Contra la evidencia más inmediata, muchos insisten en que quienes el 4 de febrero votaron por Fabricio Alvarado y Restauración Nacional no lo hicieron guiados por la homofobia y el conservadurismo, sino como protesta contra un establishment que los ignoró olímpicamente durante años. Cuando los datos electorales mostraron que RN triunfó sobre todo en las provincias costeras, ese discurso adoptó una vertiente particular: el de una rebelión de los costarricenses olvidados contra un Valle Central solipsista. Una buena muestra es la entrevista de este medio a Gustavo Araya (no por nada titulada “Nosotros los meseteños”); también está la columna del 7 de febrero de Jorge Vargas Cullel en La Nación, pero los ejemplos sobran.

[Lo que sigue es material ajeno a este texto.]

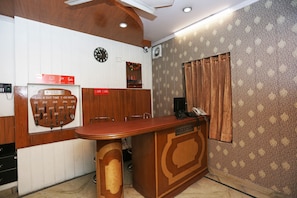 A reception desk with a clock, a key display, and a CCTV sign. - Hotel O Madhur Regency (Meerut)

Este discurso ha calado por diversas razones. Para empezar, entronca bastante bien con cierta lectura de fenómenos recientes como la victoria de Trump o el Brexit, que los interpreta como rebeliones contra los poderes establecidos (no estaría mal que alguien me explique en qué sentido votar por un billonario neoyorquino implica ir contra el establishment, pero esa es otra historia). Al mismo tiempo, ofrece un camino hacia adelante: si el voto a Fabricio no es fruto de la homofobia sino de la pobreza y la exclusión sistemáticas, entonces lo que hay que corregir es esto último. Finalmente, calma la mala consciencia del votante progresista, generalmente de clase media, quien por sus mismos valores no quiere hablar mal de los sectores más marginados, que fueron quienes le dieron la victoria en primera vuelta a Restauración.
Dosis de verdad
Es probable que (por tomar los tres partidos que han visto las mayores oscilaciones en su bancada legislativa en las últimas tres elecciones) muchos de los que votaron por el ML en 2010 lo hicieran por el FA en 2014 y, eventualmente, por RN en febrero. Habría, por lo tanto, cierto electorado “flotante”, en busca de una opción política que responda a sus intereses. La relación inversa entre el índice de desarrollo humano de un cantón y su tendencia a votar por Fabricio solidificaría esta relación: el voto por RN no sería un voto a favor de su agenda, sino en contra de los demás; esto a pesar de que el candidato que, con su discurso de manudurismo demagógico, encarnaba mejor un populismo de derecha era Juan Diego Castro, no Fabricio Alvarado.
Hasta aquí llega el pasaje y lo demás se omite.